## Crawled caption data
■ ■ ■ ■ ■
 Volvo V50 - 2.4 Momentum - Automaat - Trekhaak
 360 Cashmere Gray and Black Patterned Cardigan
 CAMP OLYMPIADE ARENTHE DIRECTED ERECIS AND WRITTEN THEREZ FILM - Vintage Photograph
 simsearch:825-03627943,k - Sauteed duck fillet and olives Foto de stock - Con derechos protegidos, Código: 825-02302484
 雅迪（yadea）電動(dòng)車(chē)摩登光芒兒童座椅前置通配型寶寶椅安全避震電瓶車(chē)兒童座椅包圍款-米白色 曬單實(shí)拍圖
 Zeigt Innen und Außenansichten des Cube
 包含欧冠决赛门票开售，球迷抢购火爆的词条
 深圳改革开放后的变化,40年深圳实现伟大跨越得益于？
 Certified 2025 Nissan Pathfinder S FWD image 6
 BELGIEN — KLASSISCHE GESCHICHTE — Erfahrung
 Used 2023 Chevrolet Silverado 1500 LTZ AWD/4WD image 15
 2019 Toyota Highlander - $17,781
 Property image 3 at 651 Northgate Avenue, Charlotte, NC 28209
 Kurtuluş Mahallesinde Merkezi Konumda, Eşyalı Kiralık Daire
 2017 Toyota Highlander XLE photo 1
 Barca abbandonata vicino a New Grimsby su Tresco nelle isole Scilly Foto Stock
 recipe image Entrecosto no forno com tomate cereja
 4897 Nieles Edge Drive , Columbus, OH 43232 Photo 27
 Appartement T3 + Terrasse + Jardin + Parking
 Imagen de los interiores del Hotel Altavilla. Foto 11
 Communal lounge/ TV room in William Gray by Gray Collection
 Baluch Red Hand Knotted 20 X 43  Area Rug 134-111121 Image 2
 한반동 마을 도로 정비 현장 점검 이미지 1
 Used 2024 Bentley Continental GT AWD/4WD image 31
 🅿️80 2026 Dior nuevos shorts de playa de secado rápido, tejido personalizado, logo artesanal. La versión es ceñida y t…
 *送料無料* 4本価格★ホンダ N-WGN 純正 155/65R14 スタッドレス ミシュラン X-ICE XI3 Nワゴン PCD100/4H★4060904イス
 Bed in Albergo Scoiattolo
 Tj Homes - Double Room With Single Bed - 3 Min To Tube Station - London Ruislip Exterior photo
■ ■ ■ ■ ■
Write out exactly the lines of the entries above that run from the line containing "Used 2023 Chevrolet" through the last line, including both.

 Used 2023 Chevrolet Silverado 1500 LTZ AWD/4WD image 15
 2019 Toyota Highlander - $17,781
 Property image 3 at 651 Northgate Avenue, Charlotte, NC 28209
 Kurtuluş Mahallesinde Merkezi Konumda, Eşyalı Kiralık Daire
 2017 Toyota Highlander XLE photo 1
 Barca abbandonata vicino a New Grimsby su Tresco nelle isole Scilly Foto Stock
 recipe image Entrecosto no forno com tomate cereja
 4897 Nieles Edge Drive , Columbus, OH 43232 Photo 27
 Appartement T3 + Terrasse + Jardin + Parking
 Imagen de los interiores del Hotel Altavilla. Foto 11
 Communal lounge/ TV room in William Gray by Gray Collection
 Baluch Red Hand Knotted 20 X 43  Area Rug 134-111121 Image 2
 한반동 마을 도로 정비 현장 점검 이미지 1
 Used 2024 Bentley Continental GT AWD/4WD image 31
 🅿️80 2026 Dior nuevos shorts de playa de secado rápido, tejido personalizado, logo artesanal. La versión es ceñida y t…
 *送料無料* 4本価格★ホンダ N-WGN 純正 155/65R14 スタッドレス ミシュラン X-ICE XI3 Nワゴン PCD100/4H★4060904イス
 Bed in Albergo Scoiattolo
 Tj Homes - Double Room With Single Bed - 3 Min To Tube Station - London Ruislip Exterior photo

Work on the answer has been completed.